As evidências de um crime, por Luiz Antônio do Nascimento

As evidências de um crime

POR LUIZ ANTONIO DO NASCIMENTO - JULHO 27, 2020


Poderíamos atribuir esse fúnebre festival de absurdos à incompetência ou à prepotência arrogante do governo ao confrontar a lógica, o bom senso, o conhecimento, a compaixão. Mas o que houve, principalmente, foi uma evidente e deliberada omissão criminosa que levou à morte milhares de cidadãos brasileiros – caminhamos, céleres, para a marca das 100 mil vidas perdidas

Algo de muito sério está acontecendo e não estamos nos dando conta ‒ ou até estamos, mas parecemos anestesiados, uns pela ignorância cega às atrocidades do governo, outros pela fidelidade suicida, alguns pelo profundo desencanto com a classe política, e há aqueles que admiram o sadismo descontrolado. Precisamos reagir.
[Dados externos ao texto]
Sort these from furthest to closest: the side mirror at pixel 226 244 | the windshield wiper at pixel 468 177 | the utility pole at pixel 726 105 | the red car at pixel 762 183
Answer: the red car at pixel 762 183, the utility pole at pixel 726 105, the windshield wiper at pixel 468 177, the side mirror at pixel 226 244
Não é um pedido. É uma exigência, questão de sobrevivência como nação. Fatos trazidos a público pela imprensa durante a semana passada, de tão sérios, estão a exigir, dos tribunais daqui ou do exterior, a interdição imediata desse presidente insano e seu fantoche ministro da Saúde. 

Domingo, Bolsonaro foi denunciado por crimes contra a humanidade no Tribunal Penal Internacional, em Haia. Esta é a quinta representação criminal contra ele. Nela, uma coalizão de entidades que congregam trabalhadores da área da saúde acusa o presidente brasileiro de “menosprezo, descaso e negacionismo” no combate à Covid-19, o que “trouxe consequências desastrosas”, como a disseminação da doença e o colapso dos serviços de saúde, resultando em milhares de mortes.

É muito, mas muito grave. Pelo tamanho da crueldade. Primeiro, lembremo-nos: desde as primeiras horas, Bolsonaro descarta conselhos e orientações, mostrando um impiedoso desprezo pela vida. Ainda em março, no mesmo dia em que o general-comandante do Exército se preparava para “o enfrentamento de uma pandemia que exige a união de todos”, o presidente foi para a TV falar que aquilo era uma “gripezinha”. Já tinham morrido 47 cidadãos brasileiros.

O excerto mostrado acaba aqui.